Americans will go to the polls in a few months to vote in what innumerable commentators are calling a pivotal presidential election, even one of the most consequential in American history. But it’s hardly the first time such claims have been made. Across the last 250 years, many presidential races have featured sharply contrasting agendas, political outlooks, and personal styles, with dire predictions about the nation’s future if one candidate or the other prevailed. How did these races unfold? How did presidential races encapsulate profound cleavages running through the nation? How did the outcomes shape the nation’s future? Looking back at elections from the nation’s past may provide perspective on our own moment.

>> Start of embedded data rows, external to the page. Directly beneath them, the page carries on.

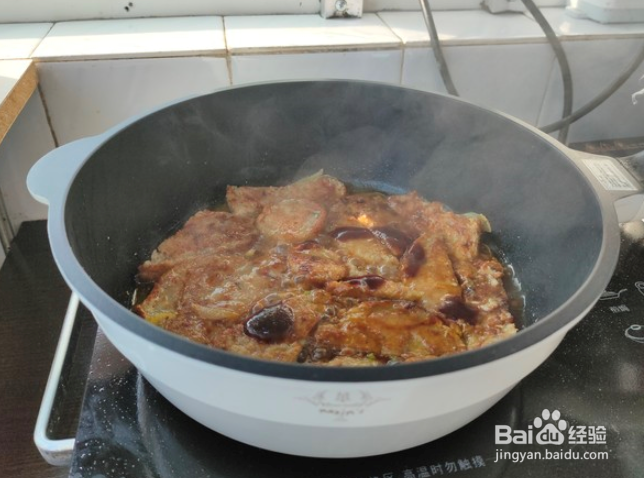 鲜美家常烩鱼饼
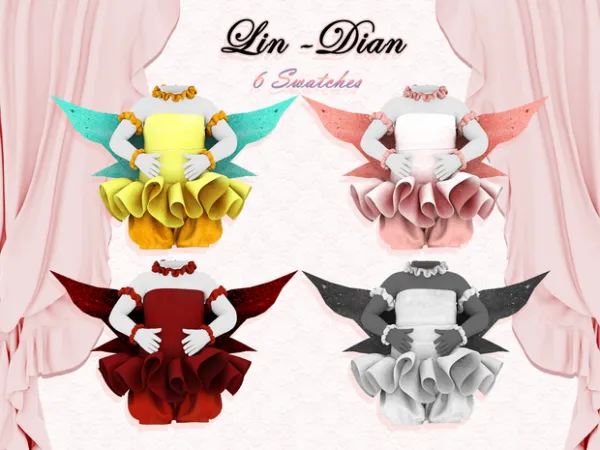Alpha LIN DIAN 20221027 DIAN by LIN - The Sims 4 Custom Content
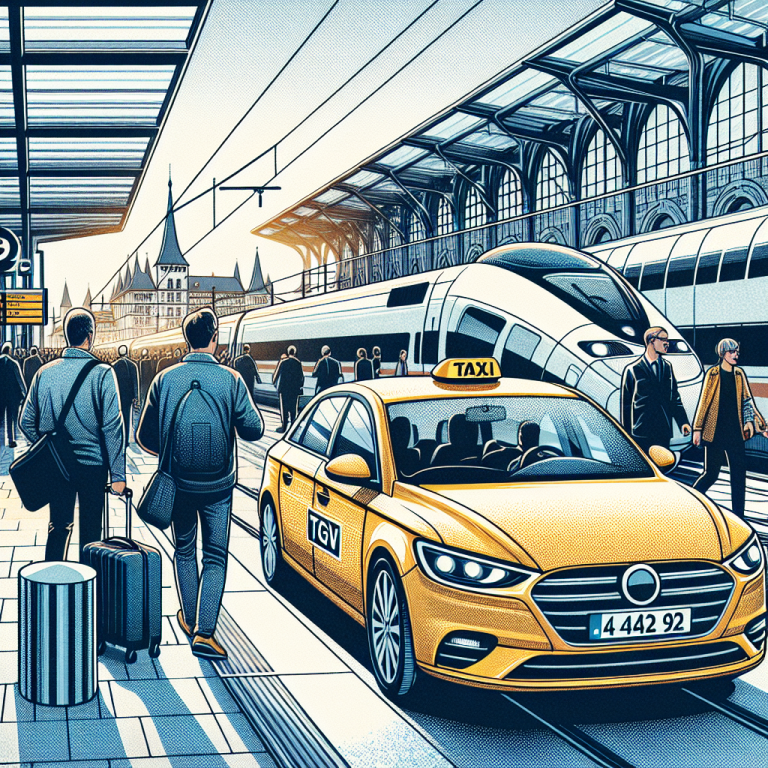 Taxi Gare TGV Lannion
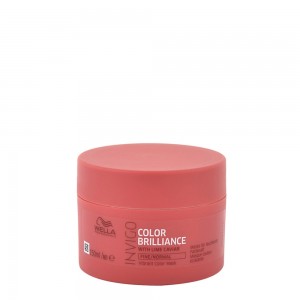 Tratamiento Wella Brilliance Invigo Mask Fino/Normal 500ml 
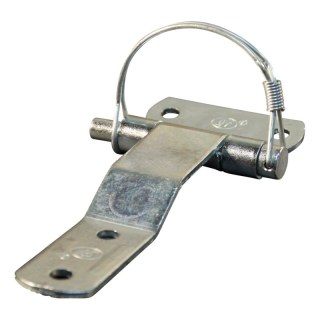 charnière de porte 71 x 140mm lame de charnière galvanisé démontable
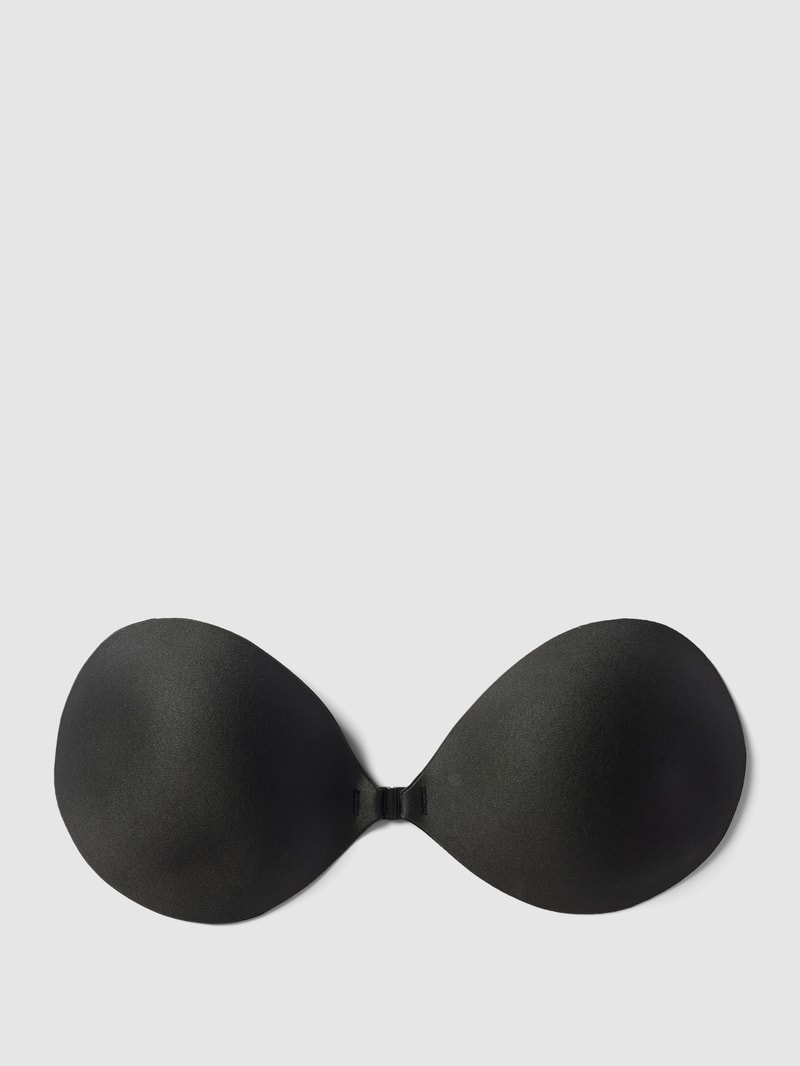 BH mit Push-up-Effekt Modell 'Backless Beauty' in schwarz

This six-part virtual series explores these and other questions through lively conversations with eminent historians of American politics and the presidency. Each session will begin with a moderated discussion led by LBJ Library Director Mark Lawrence but will allow ample time for questions from the audience. Over six weeks leading up to President’s Day, we will sweep across American political history by delving into the elections of 1860, 1896, 1948, 1964, 1968, and 1980. We will examine presidents from Abraham Lincoln to Ronald Reagan, exploring the races that elevated them to the Oval Office and the implications of the races they won.

Each session will begin at 4 p.m. and run for about 75 minutes.

 

Full schedule:

January 11  A.J. Baime, author of Dewey Defeats Truman: The 1948 Election and the Battle for America’s Soul

January 18  Luke Nichter, author of The Year that Broke Politics: Collusion and Chaos in the Presidential Election of 1968

January 25  Edward Achorn, author of The Lincoln Miracle: Inside the Republican Convention that Changed History

February 1  Nancy Beck Young, author of Two Suns of the Southwest: Lyndon Johnson, Barry Goldwater, and the 1964 Battle between Liberalism and Conservatism

February 8  Karl Rove, author of The Triumph of William McKinley: Why the Election of 1896 Still Matters

February 15 Jon Ward, author of Camelot’s End: The Democrats’ Last Great Civil War

 

Format

We will be using a Zoom webinar. Each session will begin with a moderated discussion led by LBJ Library Director Mark Lawrence but will allow ample time for questions from the audience.

Registration

Advance registration is required. You only need to register once for the series; you do not need to register for each week’s session. Once you register, you can expect to receive an email with a link to join the event. Questions about registration? Email utolli@austin.utexas.edu.

Register now to join us.

 

About the speaker:

On February 1, Nancy Beck Young will join us to talk about the election of 1964.

Nancy Beck Young, Ph.D., is Professor of History at the University of Houston, where she has taught since 2007. Previously she was assistant and associate professor of history at McKendree College in Lebanon, Illinois. Dr. Young received her B.A. from Baylor and her M.A. and Ph.D. from the University of Texas at Austin. She has held two residential fellowships, one at the Woodrow Wilson International Center for Scholars in Washington, D.C. and another as the Clements Fellow in Southwest Studies at Southern Methodist University.

She has written numerous books and is currently researching two book manuscripts— one a biography of John Nance Garner and another on the idea of the first lady. Her most recent book, Two Suns of the Southwest: Lyndon Johnson, Barry Goldwater, and the 1964 Battle between Liberalism and Conservatism was published in 2019 by the University Press of Kansas.

Dr. Young has won a number of honors for her scholarship and her teaching including the Guittard Book Prize for her book titled Why We Fight: Congress and the Politics of World War II, the D.B. Hardeman Prize for her biography Wright Patman: Populism, Liberalism, and the American Dream, and the Ima Hogg Historical Achievement Award for Outstanding Research on Texas History. She has been named the Carnegie Foundation for the Advancement of Teaching Illinois Professor of the Year and won the most prestigious campus wide teaching award at McKendree College in 2001.